Menangkap kecemasan cucunya, mantan tentara itu mengusap kepalanya. "Kamu itu keturunan darah Petarangan, kudu tangguh le!".
Satya semakin kebingungan, "keturunan Petarangan?" gumamnya dalam hati.
Menyadari kebingungan cucunya, Zainal menyiapkan energi untuk berkisah. Diseruputnya kopi di hadapannya, buatan Mira, Ibu Satya. Cerita dimulai dari silsilah keluarga. Kakek buyut Satya berasal dari lereng Gunung Sumbing, Temanggung. Dirincikan olehnya nama-nama bukit di sekitar wilayah kaki gunung itu.
"Keturunan Petarangan harus mewarisi kekuatan ayam. Ayam moyang kita mampu memenangkan pertempuran dengan ular"

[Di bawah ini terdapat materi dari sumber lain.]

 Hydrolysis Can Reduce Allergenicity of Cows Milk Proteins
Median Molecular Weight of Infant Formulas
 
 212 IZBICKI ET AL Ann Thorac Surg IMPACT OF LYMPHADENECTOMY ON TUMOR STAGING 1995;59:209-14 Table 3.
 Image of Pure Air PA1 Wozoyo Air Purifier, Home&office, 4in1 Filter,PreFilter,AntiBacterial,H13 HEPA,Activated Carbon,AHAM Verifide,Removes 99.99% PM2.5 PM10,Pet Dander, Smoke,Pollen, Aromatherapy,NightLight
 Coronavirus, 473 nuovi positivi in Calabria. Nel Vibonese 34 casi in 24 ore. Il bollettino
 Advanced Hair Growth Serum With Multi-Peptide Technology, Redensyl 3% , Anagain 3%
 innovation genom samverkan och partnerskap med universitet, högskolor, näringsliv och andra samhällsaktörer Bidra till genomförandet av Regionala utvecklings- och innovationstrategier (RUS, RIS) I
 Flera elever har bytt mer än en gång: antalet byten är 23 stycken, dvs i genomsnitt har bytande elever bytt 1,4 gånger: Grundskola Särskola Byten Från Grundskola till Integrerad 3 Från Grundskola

Satya mempertanyakan ucapannya tersebut. Sulit dicerna logika anak muda itu, meragukan keniscayaan kekuatan ayam. Cina melambangkan kekuatan hewan dengan naga, Thailand memilih gajah. Kali pertama bagi Satya mendengar ayam dipilih sebagai sumber filosofi kekuatan wilayah.
Serius Zainal menceritakan asal usul Desa Petarangan, tempat kelahirannya dan nenek moyangnya. Desa itu takkan ada bila ayam peliharaan Kiai Tari, pendakwah islam mampu mengalahkan ular besar peliharaan Pak Dalman Moksa. Sang ayam, sang pemenang kembali ke petarangan atau sangkar, maka nama desa itu dinamakan Desa Petarangan sebagai simbol kekuatan dan kemenangan. Diperkirakan bahwa Zainal keturunan Kiai Tari ketujuh.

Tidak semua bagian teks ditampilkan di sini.